During this period of about seventy years these two denominations held joint interests in church and parsonage property; often in joint services; and frequently were ministered by the same pastor regardless of denomination, when either pulpit was vacant. In 1855 under the leadership of Rev. G. W. Welker, a Reformed minister, the connection of the Reformed members was altogether organized into a new church known as St. Marks Reformed Church in the vicinity of what was known as Boones Station, a spot about two miles south of the present Elon College, where they still worship. It was many years later, however, before their Financial claims of interest in the property of the Friedens pastorate were fully and finally adjusted to the satisfaction of all.
Both the Lutheran and the Reformed church spoke the foreign tongue. German was the main language spoken by the pastors prior to this period. The name Friedens comes from the German word Fried-e (n), whose plural is Friedens meaning peace and tranquility.
The first English Lutheran preacher in North Carolina was Rev. Robert Johnson Miller, a native of Baldovia, Angusshire, near Dundee, Scotland, born in 1758, reaching this country in 1774. He came south with General Greene's Army during the Revolutionary War and remained here to preach after peace was declared. The first ecclesiastical assembly of the Lutheran church in North Carolina was held in Salisbury in May, 1794, and this man, the Rev. R. J. Miller was the first minister ordained by what is known as the Lutheran Ministerium.
In a copy of the minutes of a Lutheran Virginia Conference held in 1806 in Rockingham County, Virginia, we find this reference to Friedens Church: "In that region which lies partly in Orange and partly in Guilford counties there are three Lutheran churches, three Reformed churches and one joint church named Friedens."

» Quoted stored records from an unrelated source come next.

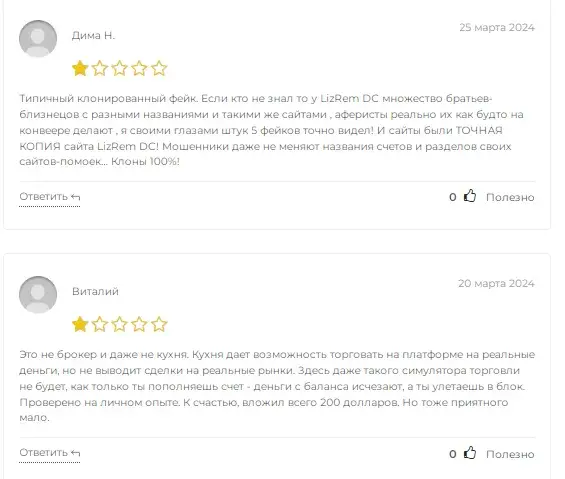 Отзывы о LizRem DC Отзывы о LizRem DC
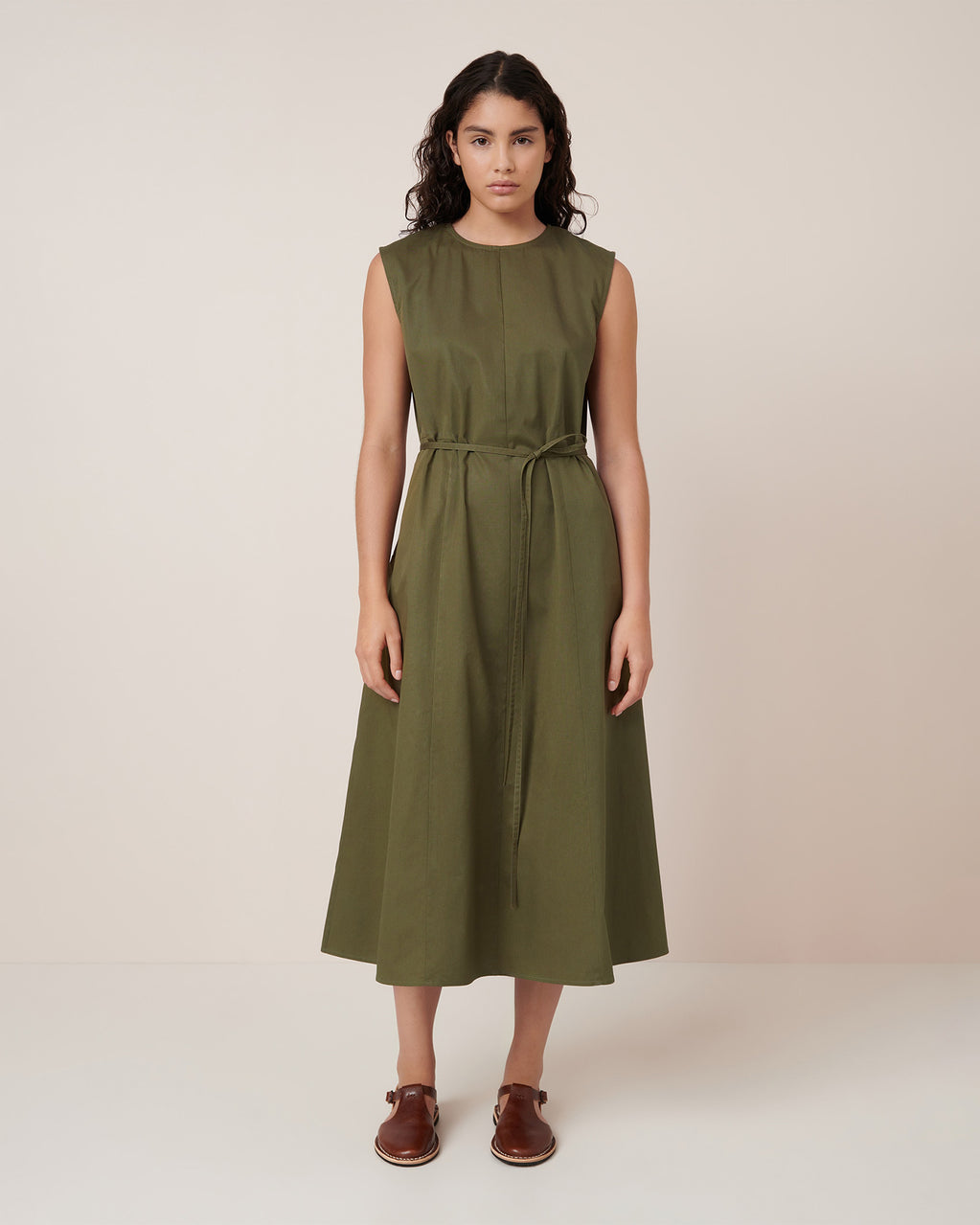 Shop Harmony Dress - Ivy | Kowtow Clothing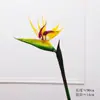 Lujo Ligero Flor Artificial Ave del Paraíso Individual Se Siente Artificial Flores Artificiales Planta Floral de Interior Decoración Strelitzia Reginae Simulada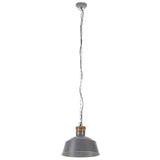 Vidaxl hanging lamp industrial E27 32 cm gray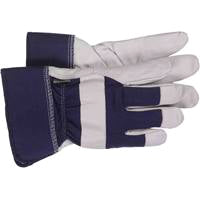 BOSS THERM 4196L Protective Gloves, Men's, L, Wing Thumb, Safety Cuff, Navy Blue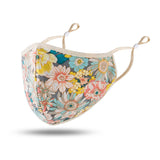 CUH Floral Frabic Face Masks,Adult Woman Man Mouth Covering,Strethable Mouth-muffle,Washable Reusable Mask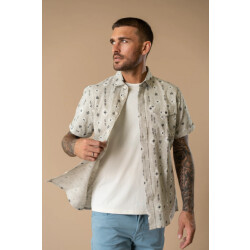 Petrol Industries Heren overhemd m-1060-sis412 7130 light tan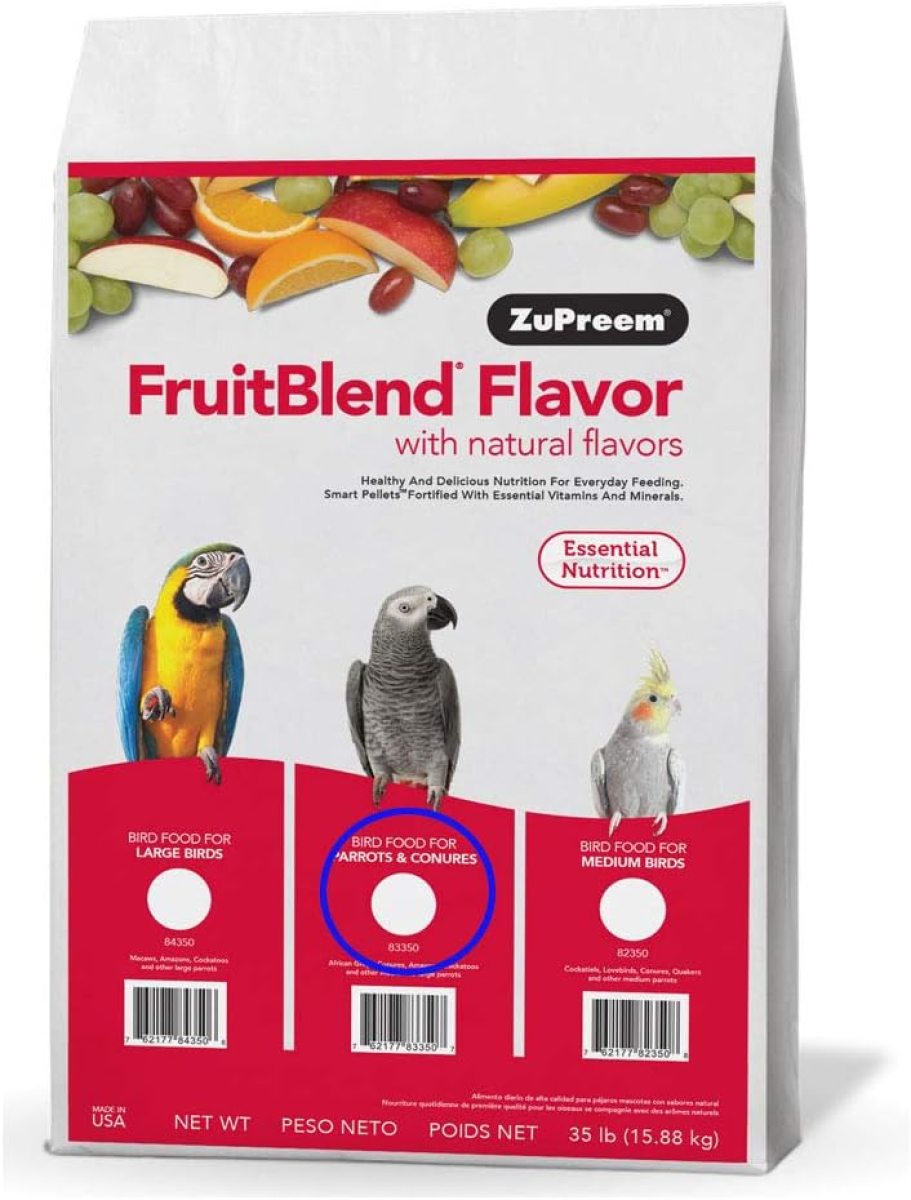 FruitBlend for Medium/Large Parrots 35lb (15.88kg)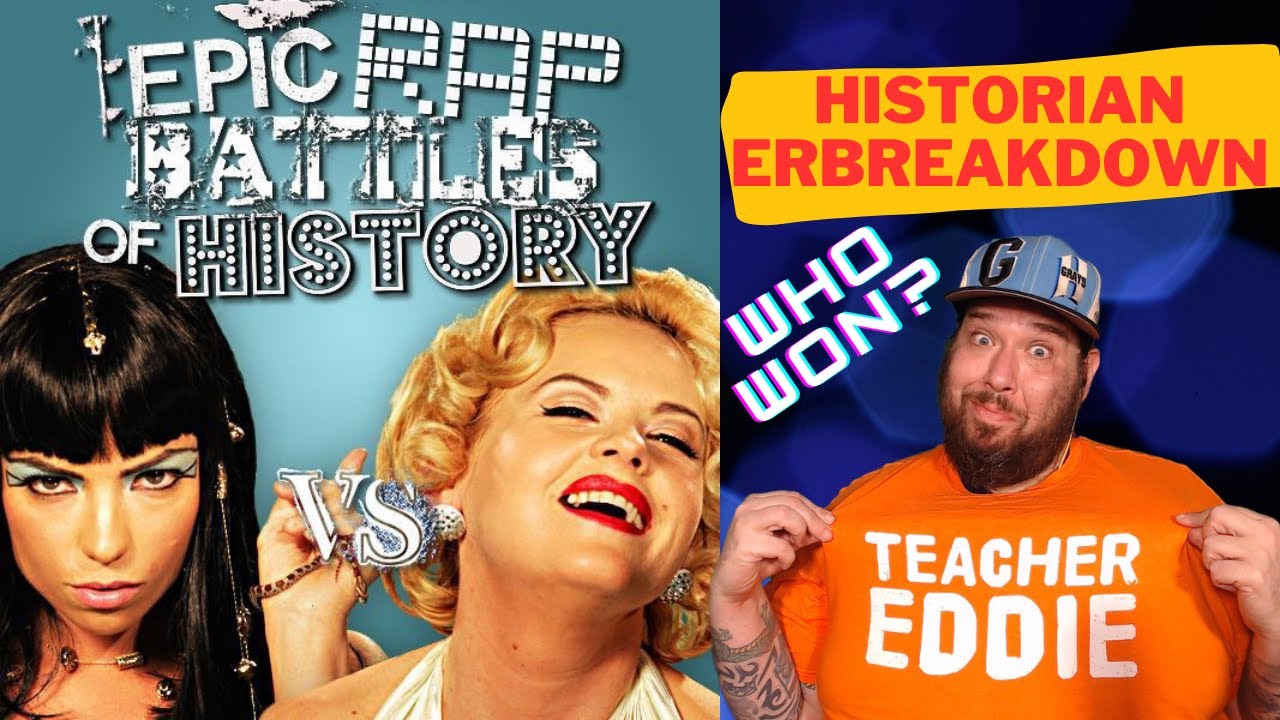 History Teacher REACTS to Cleopatra vs Marilyn Monroe | Epic Rap Battles of History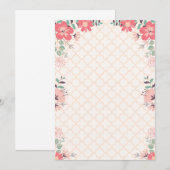 bloemrand kaart (Voorkant / Achterkant)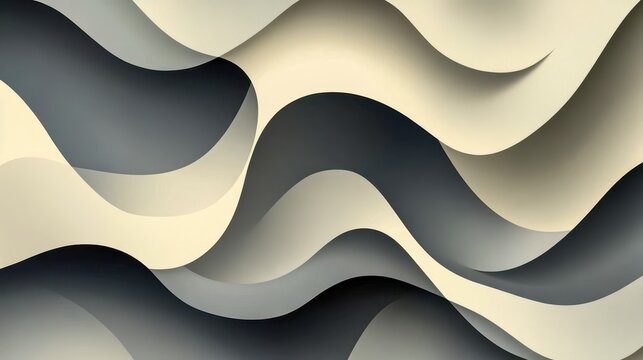 layered angular silhouettes blending sharp contour edges and diffuse shadows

In 1801 Rev. Phillip Henkle was called to serve as Lutheran pastor and remained until 1806 when he accepted a call to Lincoln County. In the minutes of the synod held in 1810 at Organ Church in Rowan County there is this interesting statement: "Rev. Markart 's pastorate: Pilgrims, Beek's Schweiszguth (Swicegood) now Sandy Creek, Lou's (now Low's) Friedens, Graves (now St. Paul's)." Certainly the field was large enough to claim the energies of any man.